Standard Fireworks ran a multi-faceted programme in the run-up to Guy

Fawkes’ Night, which dovetailed with the DTI’s annual safety campaign

run by the Central Office of Information. An educational pack on the

safe use of fireworks, for teachers to use as part of the national

curriculum, was sent out to 30,000 primary and middle schools.



A media pack was sent to 2,000 journalists containing safety information

to assist both national and regional media to put together features on

firework safety. To maximise radio coverage, DTW also put together a

safety jingle which was distributed to national and regional radio.

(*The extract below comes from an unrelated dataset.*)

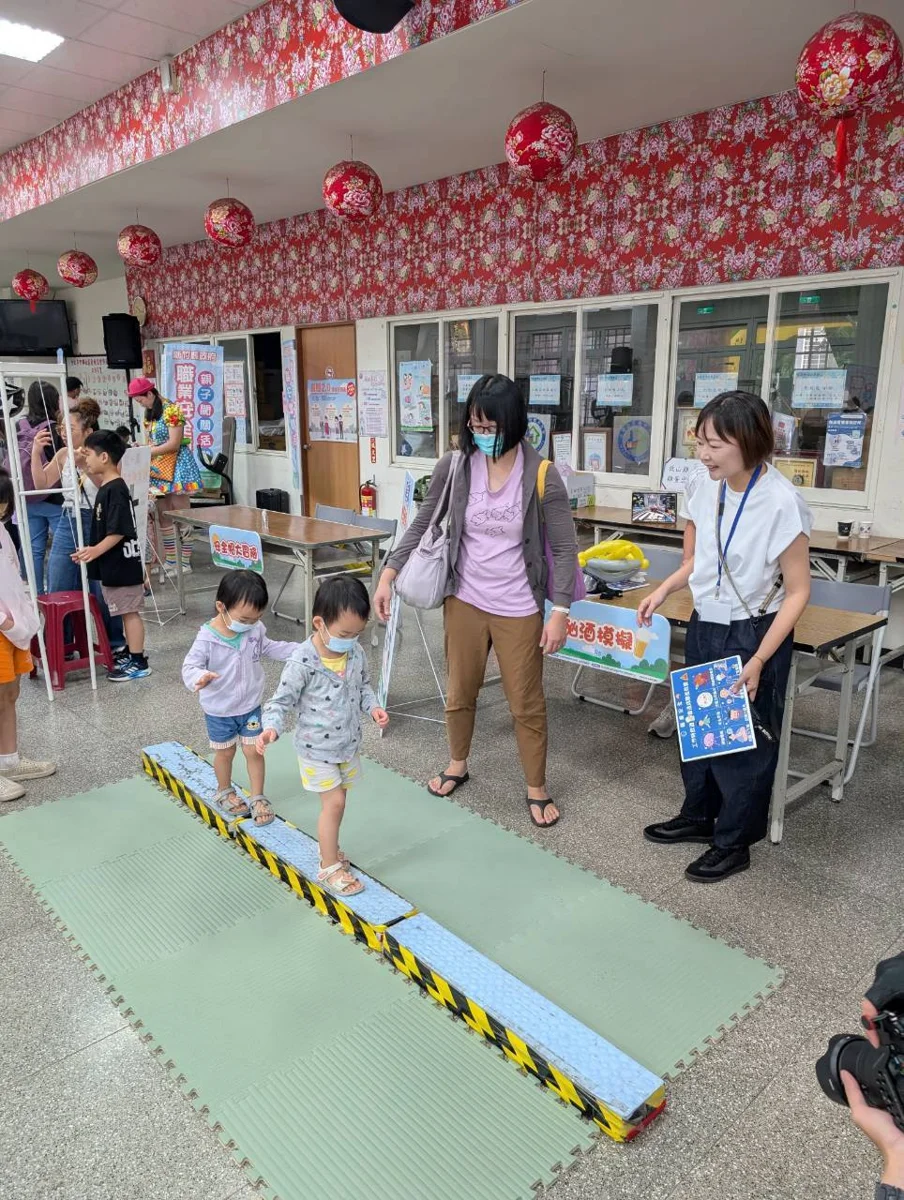 圖片來源:新竹縣政府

Firework safety cartoon strips, featuring the DTW-designed cartoon

characters Ed Banger and the Firework Funsters, were sent to the various

children’s press.



Additional material was sent to 14,000 retailers around the country,

which provided information on the safe storage, sale and use of

fireworks. To ensure that consumers carried the message home with them,

DTW also produced a safety coded carrier bag in association with the

DTI.



At the same time, DTW held seminars on current legislation aimed at

trading standards enforcement officers, fire brigades and police. DTW

also mounted a lobbying campaign, drawing MPs’ attention to the need to

firm-up recently revised legislation on the policing of sales to under-

16s.



The DTI invested pounds 170,000 in a series of public service

announcements fronted by comedy actor Gordon Kaye, comedian Alexei Sayle

and DJ Chris Tarrant, and a poster campaign featuring Casualty actor

Derek Thompson. Educational posters and leaflets were produced in

conjunction with BBC 999 Lifesavers.



Results



The campaign prompted extensive media coverage, with 47 local radio

interviews, over 100 regional mentions, coverage in national dailies and

TV news bulletins picking up on the story in the last week. Radio and TV

coverage through public information broadcasts has run nationwide.



Verdict



Last year’s appalling injury figures should have given both the firework

industry and the Government some food for thought, but there is a

question over how effectively safety campaigns can tackle this problem.



‘The press pack claims that 100 million fireworks are sold every year,’

points outs Noel Tobin, director of the National Campaign for Firework

Reform. ‘But this is the same figure that I’ve seen for the last 25

years.’ Nevertheless, he applauds Standard Fireworks for ‘making a

serious effort’.



In the end, however, the achievement in human terms has yet to be

gauged, with DTI accident and injury figures for 1995 unlikely to see

the light of day for some months to come.